- _Exercise details_
Drop the images, then output the listing exactly.

- _Data below_
- Opening Delimiter -
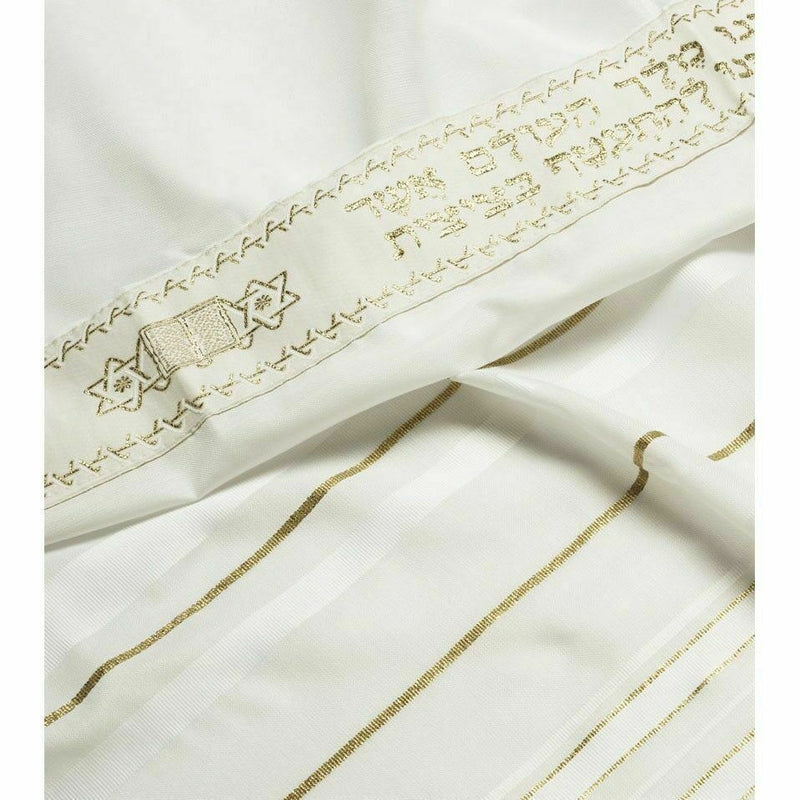 Acrylic Tallit (imitation Wool) Prayer Shawl in White and Gold Size 24" L X 72"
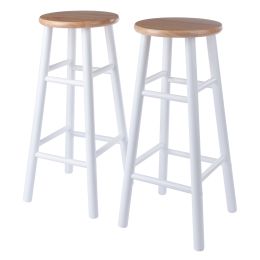 Huxton 2-Pc Bar Stools, 29", Natural & White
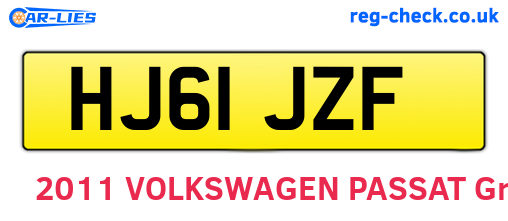 HJ61JZF are the vehicle registration plates.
- Closing Delimiter -
- _Answer_
 Acrylic Tallit (imitation Wool) Prayer Shawl in White and Gold Size 24" L X 72"
 Huxton 2-Pc Bar Stools, 29", Natural & White
 HJ61JZF are the vehicle registration plates.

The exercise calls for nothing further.